* [Directions] Exclude the pictures, and otherwise reproduce the data in full.

Short descriptive text snippets:
# # #

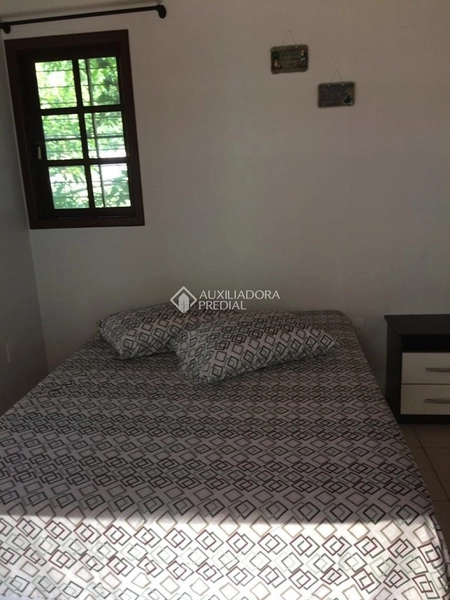 Casa com 4 Suítes em Canasvieiras: 4ª foto da galeria de imagens do imóvel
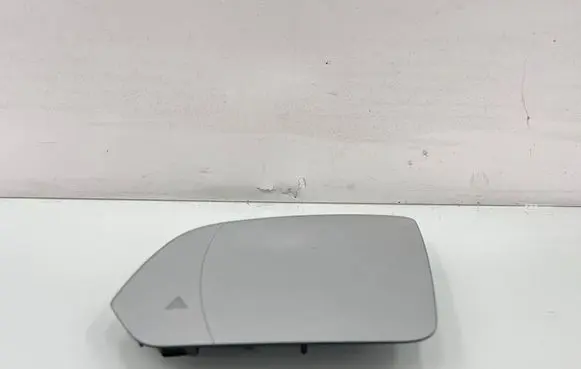 Mercedes-Benz V Class W447 Wing mirror glass A4478113800 9300215001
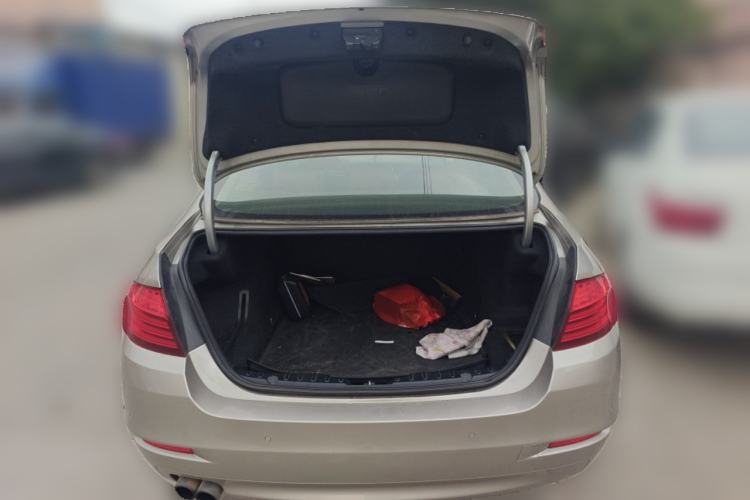 Used BMW 5 Series 2014 520Li Elegant Model Trunk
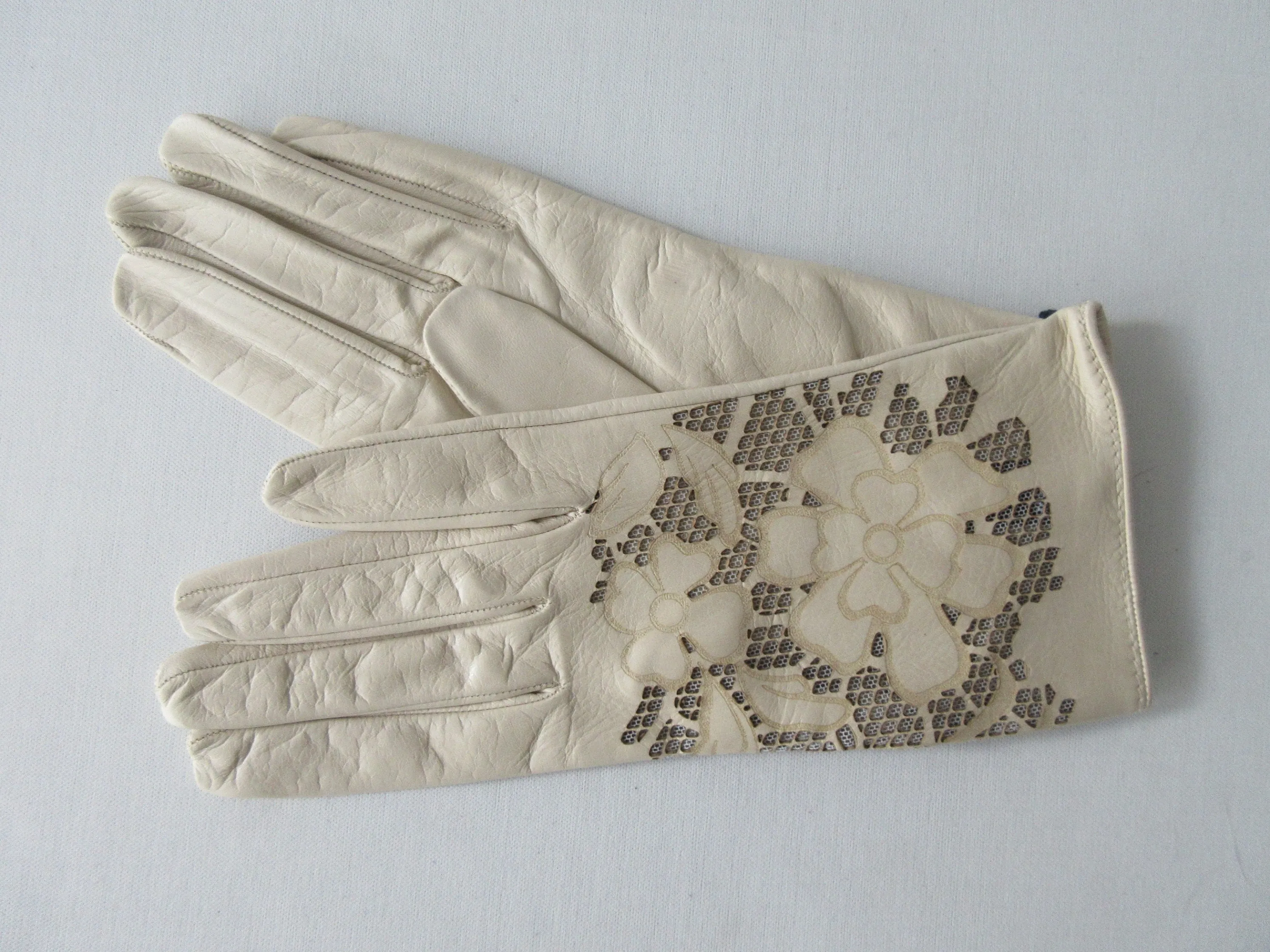 20G11 -Tan Floral Cutout Gloves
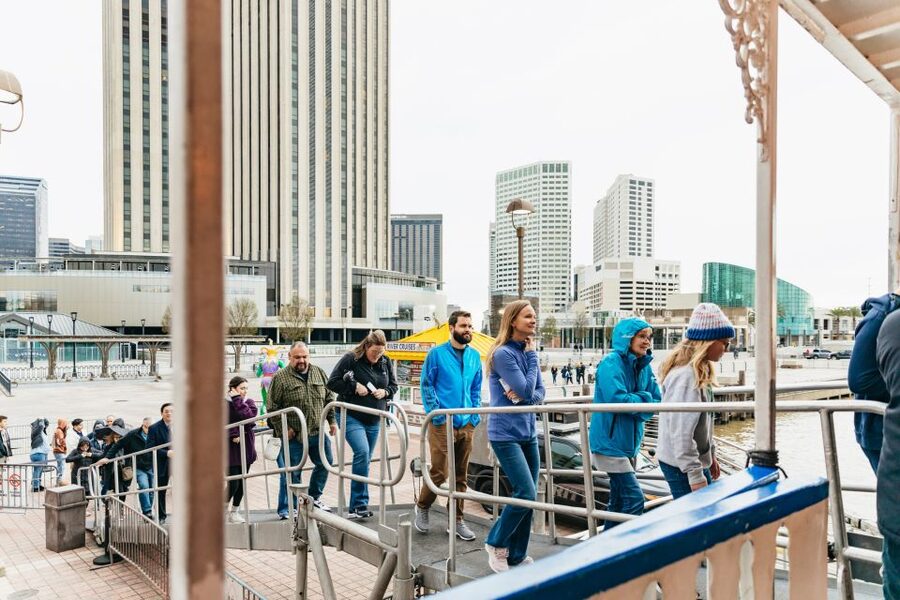 New Orleans: Evening Jazz Boat Cruise with Optional Dinner - The river views, from sunset to Jackson Square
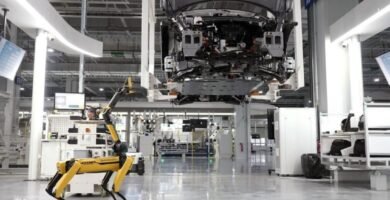 Turismo em fábrica de veículos elétricos
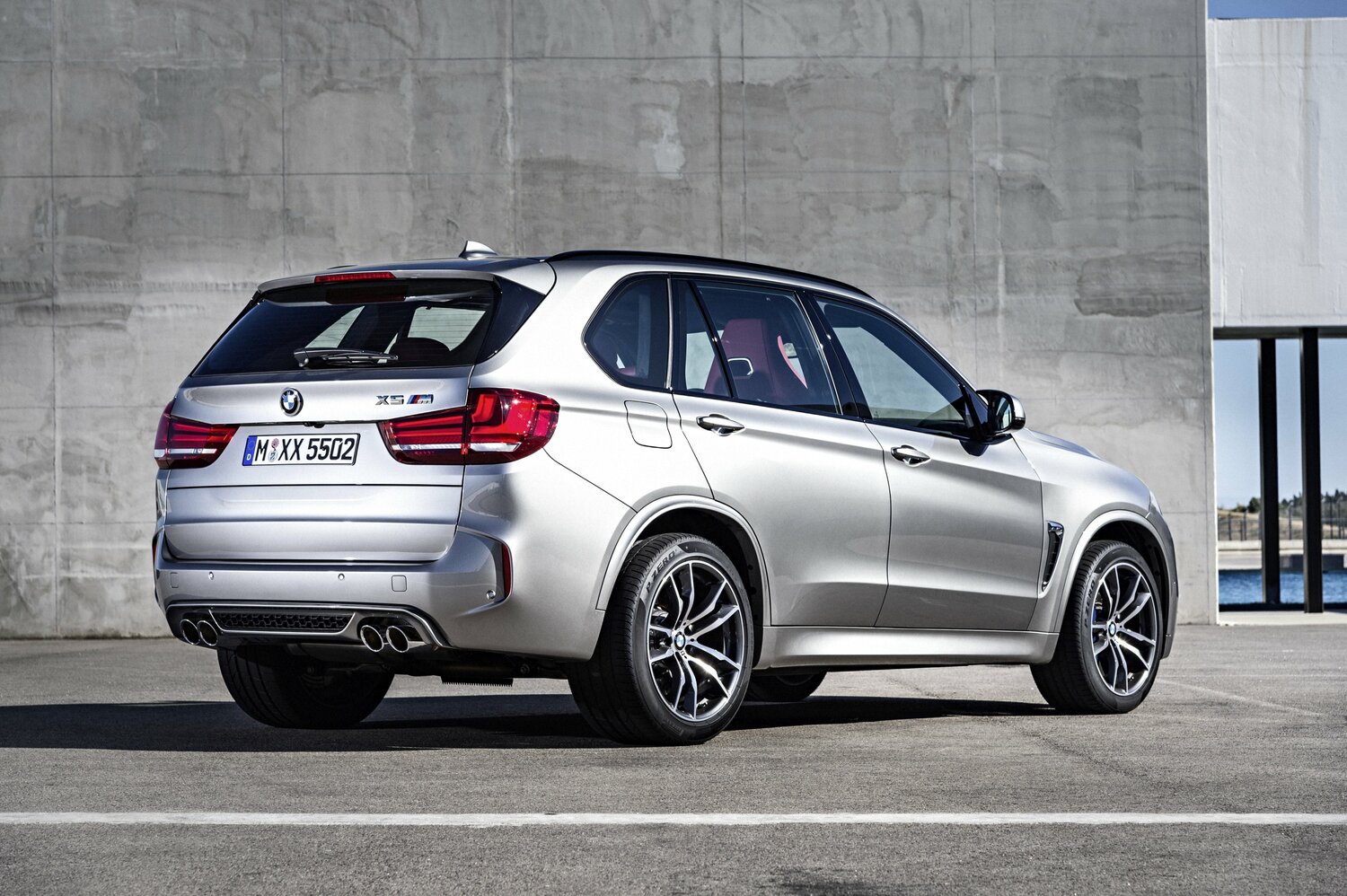 BMW X5 M, II (F85), 2014–2018, Внедорожник 5 дв.: Вид сзади в три четверти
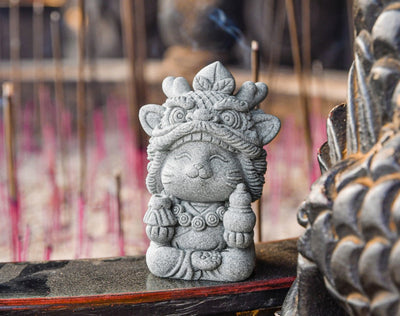 Helio the Lion-Dance Cat Moving Mountain and Sea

# # #

* [Response]
 Casa com 4 Suítes em Canasvieiras: 4ª foto da galeria de imagens do imóvel
 Mercedes-Benz V Class W447 Wing mirror glass A4478113800 9300215001
 Used BMW 5 Series 2014 520Li Elegant Model Trunk
 20G11 -Tan Floral Cutout Gloves
 New Orleans: Evening Jazz Boat Cruise with Optional Dinner - The river views, from sunset to Jackson Square
 Turismo em fábrica de veículos elétricos
 BMW X5 M, II (F85), 2014–2018, Внедорожник 5 дв.: Вид сзади в три четверти
 Helio the Lion-Dance Cat Moving Mountain and Sea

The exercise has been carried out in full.